In January of last year, Judge Richard Standridge ordered a public defender to take on three more cases in spite of his already having 68 open cases to deal with. Knowing that this was a violation of ethical obligations, the judge wrote the orders to protect the lawyer from being penalized by the ethics commission. He ordered him to behave unethically, and he also protected him from the consequences. This does not leave one feeling comfortable.
As this continues, those whom these public defenders serve are left with limited options. Of course, by definition, those receiving public defenders lack the means to hire a private attorney. Most who are accused of minor crimes will be left to plea bargain some sort of guilty plea to settle their case, even when they are innocent. For those accused of felonies, the stakes of course are even higher.

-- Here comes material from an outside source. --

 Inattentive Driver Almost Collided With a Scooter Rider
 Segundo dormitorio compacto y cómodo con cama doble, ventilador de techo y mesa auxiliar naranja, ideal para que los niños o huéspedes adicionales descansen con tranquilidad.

The Missouri courts operated for a number of years on an “early-disposition docket” where defense attorneys brought clients for expedited guilty pleas. But in 2017, the public defender’s office stopped this practice.
Kansas City public defender Erich Fonke said he couldn’t ethically advise a client without knowing the evidence.
“These are the people that it’s most easy for a judge to say, ‘Oh screw it, you don’t need all the discovery,’” he said. “It’s easy for people to want to just ball these people up and throw them away.”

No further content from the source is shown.